To be taken in consideration that the IDs of the rows are integers
while HBase wants a string... plus, we need to do some zero padding
due to the fact that HBase does lexicographic sorting of its keys.

There are tons of threads on forums about how bad is to use a
monotonically incrementing key on HBase, but... this is what we needed.

[...]

A 2-level Ingestion Process
===========================

A staging, -> (bin/sqlhbase-mysqlimport)
--------------------------------------------
without any kind of interpretation of the content of the MySQL dump
file apart of the splitting between schema data and raw data (INSERTs).
2 tables are created _"namespace"_creates, _"namespace"_values
The first table contains an entry/row for each dumpfile ingested,
having as a rowkey the timestamp of the day at the bottom of the dumpfile
(or a command line provided one, in case that information is missing).
Such row contains the list of hashes that for a table (see below),
a create statement for each table, and a create statement for each view,
plus some statistics related to the time of parsing of the file,
and the amount of rows it was containing, and the overall md5 hash.

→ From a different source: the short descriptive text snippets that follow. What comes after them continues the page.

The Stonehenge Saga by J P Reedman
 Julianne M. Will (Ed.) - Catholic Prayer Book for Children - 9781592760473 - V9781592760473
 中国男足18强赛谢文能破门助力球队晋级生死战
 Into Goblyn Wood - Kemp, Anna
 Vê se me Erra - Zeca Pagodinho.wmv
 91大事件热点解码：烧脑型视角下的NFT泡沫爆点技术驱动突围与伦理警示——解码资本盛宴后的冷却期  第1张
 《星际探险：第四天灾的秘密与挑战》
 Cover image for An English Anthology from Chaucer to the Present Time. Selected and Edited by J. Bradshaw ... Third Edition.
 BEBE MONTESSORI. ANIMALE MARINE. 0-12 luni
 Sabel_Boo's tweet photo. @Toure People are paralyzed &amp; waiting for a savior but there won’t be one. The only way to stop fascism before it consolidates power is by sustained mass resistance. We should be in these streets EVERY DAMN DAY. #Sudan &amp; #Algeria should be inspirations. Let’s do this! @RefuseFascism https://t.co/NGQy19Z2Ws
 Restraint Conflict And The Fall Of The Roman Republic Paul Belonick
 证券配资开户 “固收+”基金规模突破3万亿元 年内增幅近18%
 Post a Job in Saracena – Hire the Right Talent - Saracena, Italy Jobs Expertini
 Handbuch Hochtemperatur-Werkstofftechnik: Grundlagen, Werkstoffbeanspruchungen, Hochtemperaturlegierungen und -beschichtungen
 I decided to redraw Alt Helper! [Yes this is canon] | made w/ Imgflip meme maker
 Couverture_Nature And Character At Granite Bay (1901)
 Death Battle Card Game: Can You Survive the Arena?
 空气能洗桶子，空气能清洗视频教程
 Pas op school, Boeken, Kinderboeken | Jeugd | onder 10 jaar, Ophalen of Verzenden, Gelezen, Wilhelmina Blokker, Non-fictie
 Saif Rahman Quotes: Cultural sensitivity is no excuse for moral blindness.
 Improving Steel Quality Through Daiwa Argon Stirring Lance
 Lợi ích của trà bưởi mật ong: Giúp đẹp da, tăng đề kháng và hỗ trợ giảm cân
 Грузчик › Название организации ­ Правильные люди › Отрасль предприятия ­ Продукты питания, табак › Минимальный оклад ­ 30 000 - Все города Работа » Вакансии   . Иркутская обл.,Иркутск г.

A publishing, -> (bin/sqlhbase-populate)
-----------------------------------------
given a namespace (as of initial import) and a timestamp (from a list):
- the content of the table CREATE statement gets interpreted, the data
types mapped from MySQL to HIVE, and the table created on HIVE.
- if not existing, the table gets created fully, reading each 16Mb chunk
- the table gets created with such convention: "namespace"_"table_name"
- if the table exists, and it contains data, we compute the difference
between the 2 lists of hashes that were created at ingestion time
-- then we check what has already been ingested in the range of row ids
which is contained in the mysql chunk (we took the assumption that
mysql is sequentially dumping a table, hopefully)
-- if a row id which is in the sequence in the database is not in the
sequence from the chunk we are ingesting, than we might have a DELETE
(DELETE that we do not execute on HBase due to HBASE-5154, HBASE-5241)
-- if a row id is also in our chunk, we check each column for changes
-- duplicated columns are removed from the list that is going to be sent
to the server, this to avoid waste of bandwidth consumption
- at this stage, we get a copy of the data on the next known ingestion
date (dates are known from the list of dumps in the meta table)
-- if data are found, each row gets diffed with the data to be ingested
that are left from the previous cleaning... if there are real changes
those are kept and will be sent to the HBase server for writing
(timestamps are verified at this stage, to avoid to resend data
that have already been written previously)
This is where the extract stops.